In February,a topless coffee shop opened in a small town in Maine. Maybe you heard about it-- The Grand View Topless Coffee Shop. If you watch any TV news or read the news online it was difficult to miss it. Seemed like everyone was fascinated with this story. Somehow the media decided that having 150 people apply for 10 topless jobs is just one more piece of evidence of how hard it is to find a good paying job.
While both men and women applied for the topless bare-ista jobs,the owner hired twice as many women as men. Go figure.
I guess to the news media, having 150 people apply for the job is their sociological barometer that women are now so desperate that--gasp-- they're willing to work topless to pay the bills.

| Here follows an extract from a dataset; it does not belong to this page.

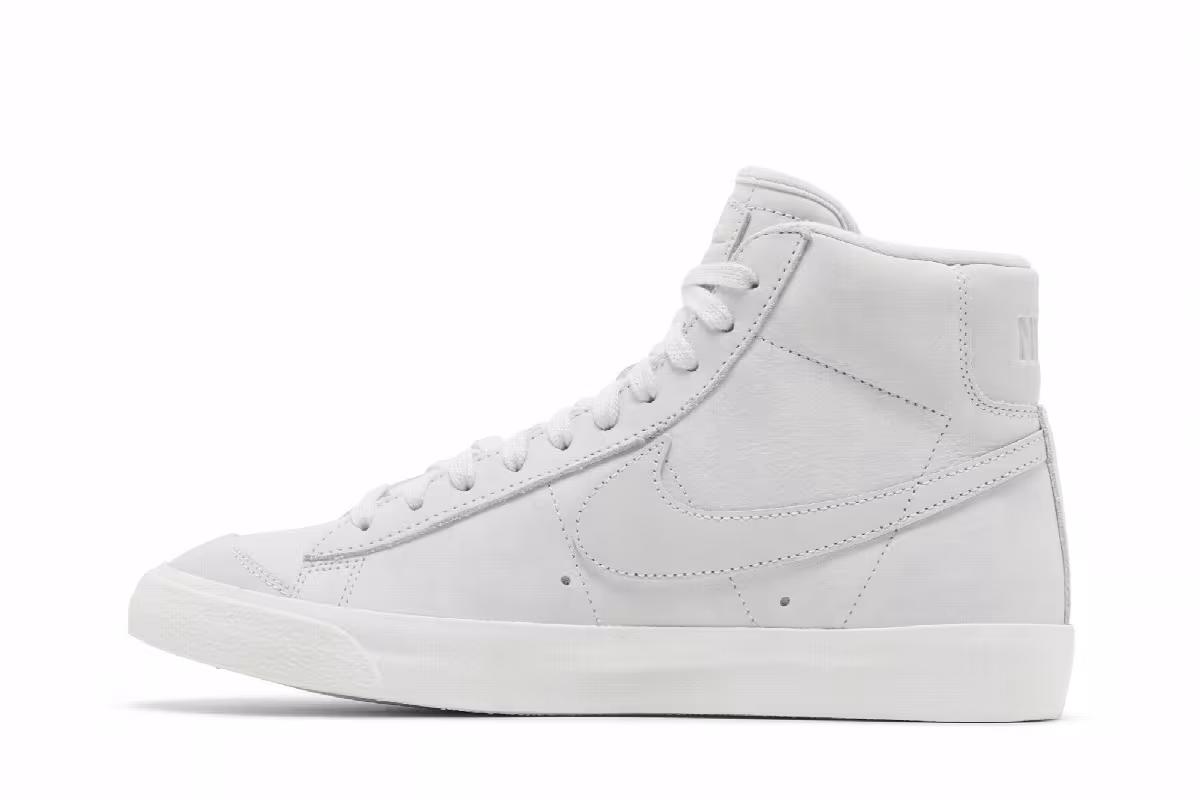 Nike Women's Blazer Mid Premium Photon Dust, view 4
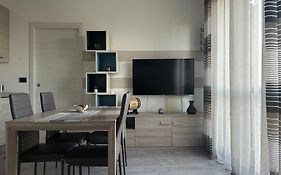 Urban Chic House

I find this problematic on so many levels my fingers can't type fast enough. First,the news stories don't say how many of the 150 people applying for those jobs were men willing to bare it all. All we know is the owner hired twice as many women.
Second, we don't know how many women would have applied for the job in a good economy. Topless jobs, rightly or wrongly, have the reputation of paying good money. Bad economy, good economy, women want jobs that pay well. So the fact that 150 people applied for this job does not say to me more women are now willing to work topless,
Third, if this was a great business opportunity it seems to me we'd be seeing a lot more topless coffee shop opening across the country.Unless a topless coffee shop in rural Maine is the only place in America where it's newsworthy to report they are open for business, then I'm not seeing much of a trend towards these types of coffee shops. Without a trend report, how can we possible say more women are willing to work topless?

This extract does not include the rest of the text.